BACKGROUND: The lung function of patients with idiopathic pulmonary fibrosis (IPF) has not been characterized in detail. OBJECTIVE: To characterize the heterogeneous physiological abnormalities that exist in patients with IPF during their initial clinical evaluation. METHODS: Lung function tests from 93 patients, performed within six months of the initial diagnosis of IPF, were obtained from a referral pulmonary function laboratory at a tertiary care hospital in Canada. A restrictive pattern was defined as total lung capacity (TLC) < 95th percentile of predicted value. Patients with obstructive lung disease, lung cancer, emphysema and other restrictive lung diseases were excluded. RESULTS: On diagnosis, 73% of patients with IPF had a restrictive pattern, with a mean TLC of 72% of predicted. Mean forced vital capacity (FVC) was 71% and 44% of patients had an FVC < 95th percentile. Mean diffusing capacity for carbon monoxide (DLCO) was 60% and DLCO/alveolar volume (VA) 92% of predicted.

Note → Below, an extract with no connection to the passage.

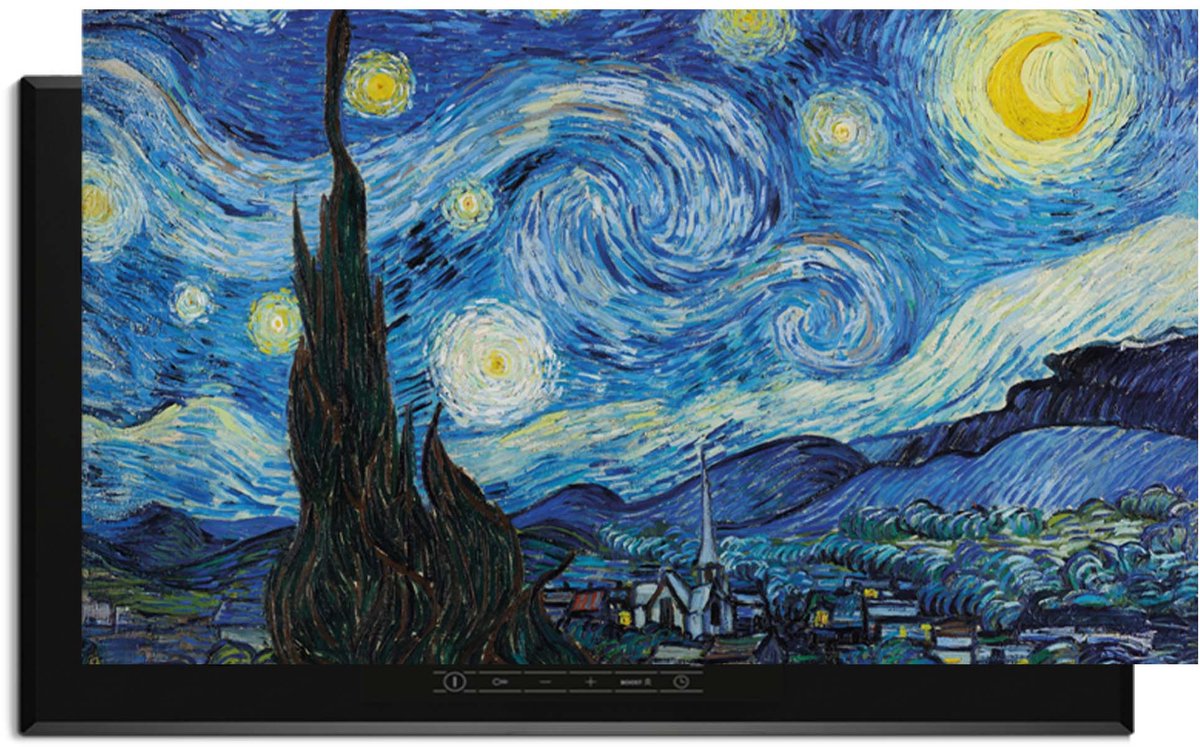 KitchenArt - Sterrennacht – Inductie Beschermer - 90x52 cm - Kookplaat Beschermer - Luxe Afdekplaat Inductieplaat - Anti-slip & Oprolbaar - Beschermmat Inductiekookplaat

Increased severity of restriction - based on TLC -was associated with lower DLCO (74% of predicted in mild restriction and 39% of predicted in severe restriction) and higher forced expiratory volume in 1 s (FEV1)/FVC ratio (82% of predicted in mild restriction and 90% of predicted in severe restriction) but not with age (76 years in mild restriction and 69 years in severe restriction). Regardless of severity of restriction, the average DLCO/VA (= 86% of predicted) remained within normal limits. CONCLUSIONS: One in four patients with IPF had normal TLC and more than one-half had a normal FVC during initial evaluation. As the severity of the restriction increased, FEV1/FVC increased, DLCO decreased but DLCO/VA remained normal.